Ⅰ①「狭間の政治学」はアフリカにおける「薄い覇権」(thin hegemony)とほぼ同視できると考える。➁トルコはアフリカの角へもかなり影響力を行使する動きを見せている。トルコの政策的展望はどうあると考えるか。(遠藤メンバー)
⇒①「狭間の政治学」と「薄い覇権」は親和性が強い。コーカサスとアフリカ地域で共通項が見つかるといい。➁トルコは、如何に現状から自国の利益を最大化するかに長けている。ナゴルフ・カラバフ戦争でのアゼルバイジャン勝利は、中央アジアの国々がトルコを重視する要因となった。一方トルコはロシアの制裁に加わらず半導体を輸出するなどロシアにとって重要な国にもなっている。このようにトルコはウクライナ側にもロシア側にもつくなど行動が日和見的であり、政策的展望・最終目的が見えない。トルコは中東、ヨーロッパの結節点にあり、アフリカへの影響力を増す地域大国として注目すべきだ。(廣瀬主査)

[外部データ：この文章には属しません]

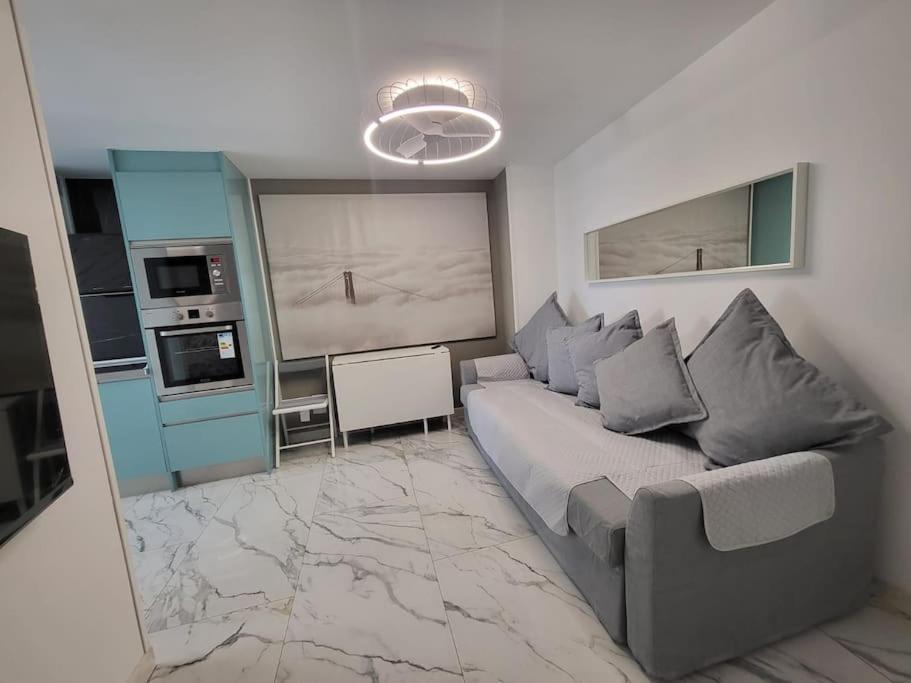 Las Canteras New 2 Bedrooms Flat At The Beach Parking Optional Las Palmas de Gran Canaria Exterior foto
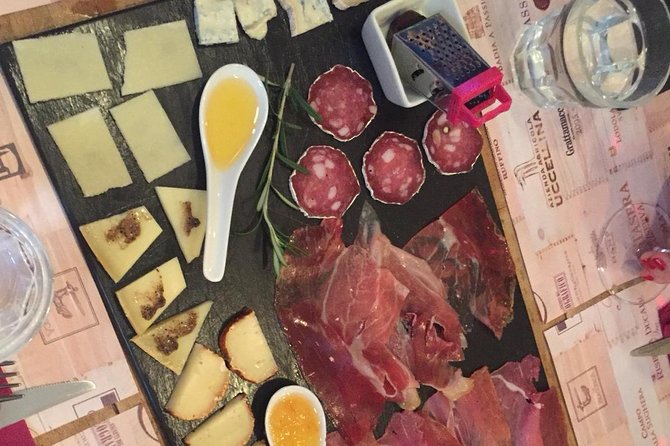 Rome: Trastevere Food tour with Free-Flowing Fine Wine - Charcuterie plus wine: where the free-flowing part makes sense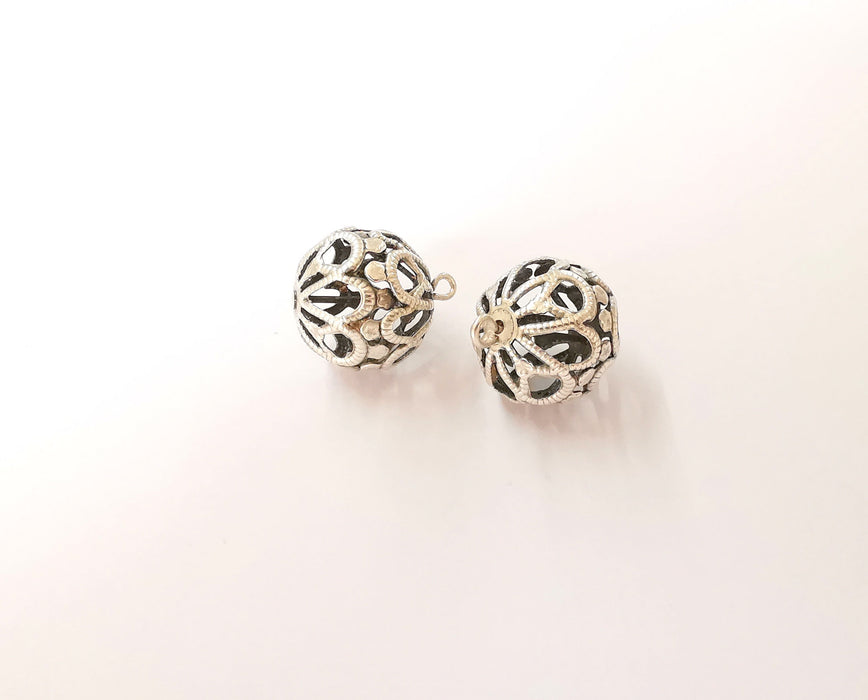 2 Silver ball charms Antique silver plated brass ball beads (21x18mm)  G23646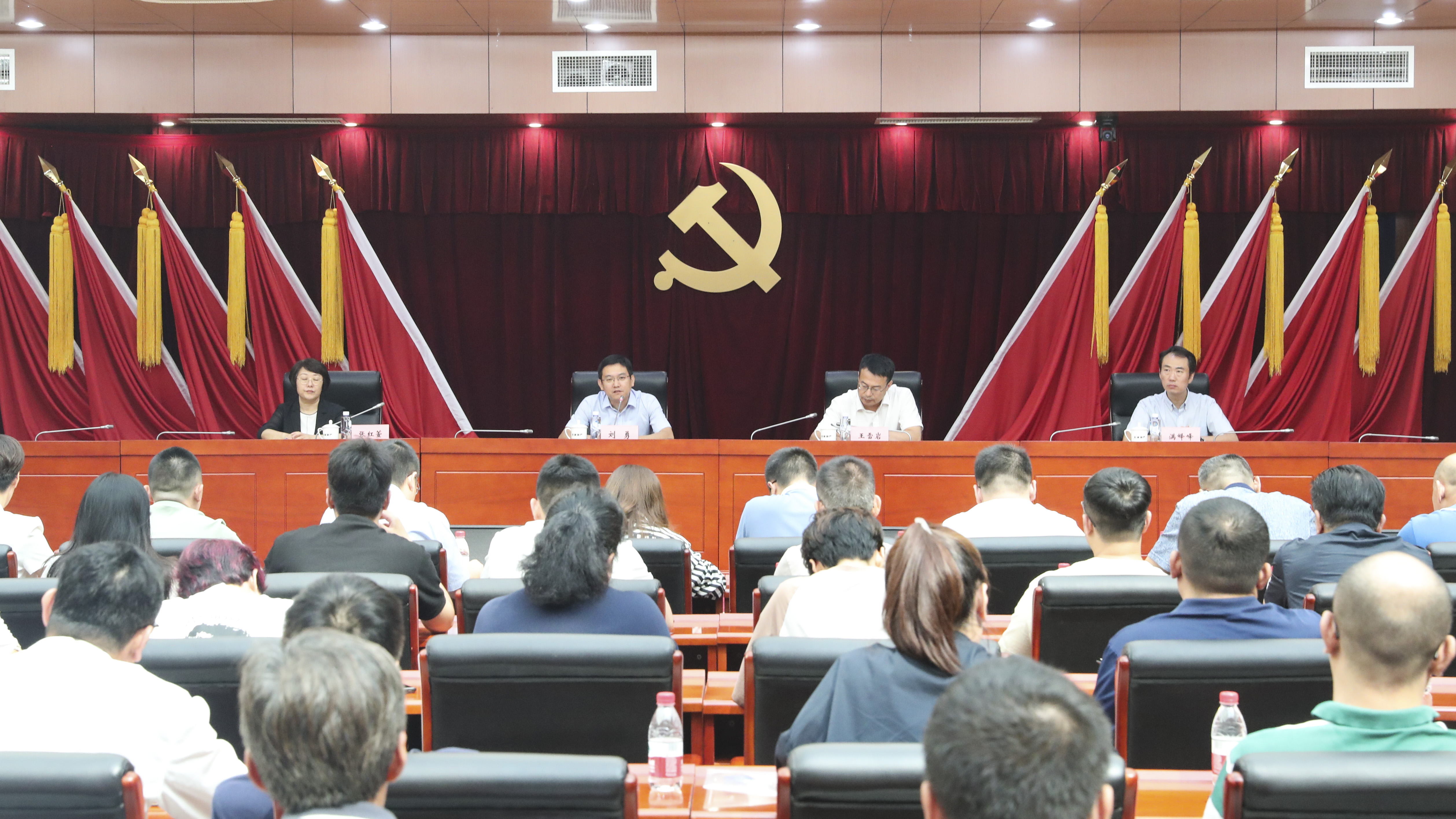 子公司动态丨城运发展组织召开津商企管全体干部职工大会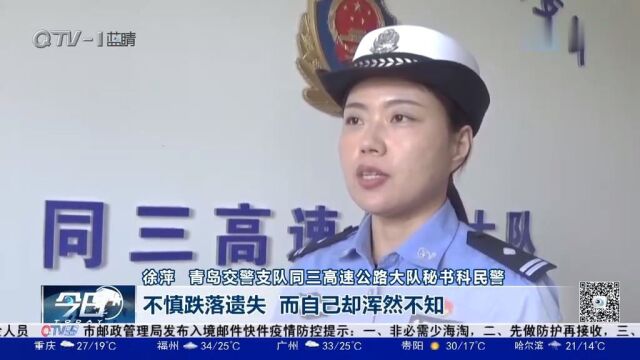 篷布掉落高速公路,私家车差点撞上出车祸,民警排除安全隐患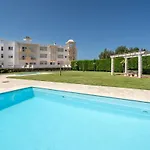 Blue Wave Apartamento *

Ⅱ中国は、コーカサス地域に経済以外の面でどのように影響力を及ぼすことが出来るか。日本は中国に比して同地域にどのように影響力を及ぼせるのか。(三船メンバー)
⇒中国はコーカサスへの影響力が低い。中国は、ジョージアには比較的早く進出したが、アゼルバイジャンは中国を2014年くらいまで歓迎しなかったため、現在もあまり深い関係が見られない。他方、資源に乏しいアルメニアには、投資の要請があれども進出しない。コーカサスは親日である。特に技術提供など、各国が望む細やかな支援が可能な日本が影響力を及ぼす余地が多くある。(廣瀬主査)

Ⅲ現在アゼルバイジャンへの援助をしている主要国はどこか。(畝川メンバー)
⇒アゼルバイジャンが石油で潤っている現在、援助国はほとんどない。アルメニアはアメリカ、フランスにディアスポラ(移民)が多く、支援を受けている。(廣瀬主査)

Ⅳ太平洋諸国は資源に乏しい。資源の乏しいコーカサス諸国同様、情報戦・広報戦が鍵だと考える。地球温暖化の最前線にいる太平洋諸国は、炭鉱のカナリヤ(危機の警鐘)として国際社会にアピールしている。狭間の国は国際公共益をアピールする、自国の弱みを強みに変えて訴えかける事が出来るのではないか。(小柏メンバー)
⇒ウクライナが最たる例だ。ウクライナがロシアに敗北することは、民主主義の敗北を意味する。そのため国際社会が支援せざるを得ない。そのような状況をウクライナは作る事に成功している。狭間の国は資源だけでなく、情報戦が大きな武器である。一方で中国などの大国も情報戦に長けているので、注意が必要だ。(廣瀬主査)

Ⅴ日本も資源のない狭間の国だ。日本は狭間国々と共に、どのような外交政策が求められるか。(尾崎在リトアニア大使)
⇒日本は北方領土問題に対して身動きが取れていない。これは日本が狭間の国である象徴だ。狭間の国でないロシアでさえ、グローバルサウスとの連携を深めることに今後の活路を見出している。日本は中国やロシアと異なり、クリーンで細やかな支援が出来る。グローバルサウスが今後成長の糧に出来るようなものを提供することが望ましい。(廣瀬主査)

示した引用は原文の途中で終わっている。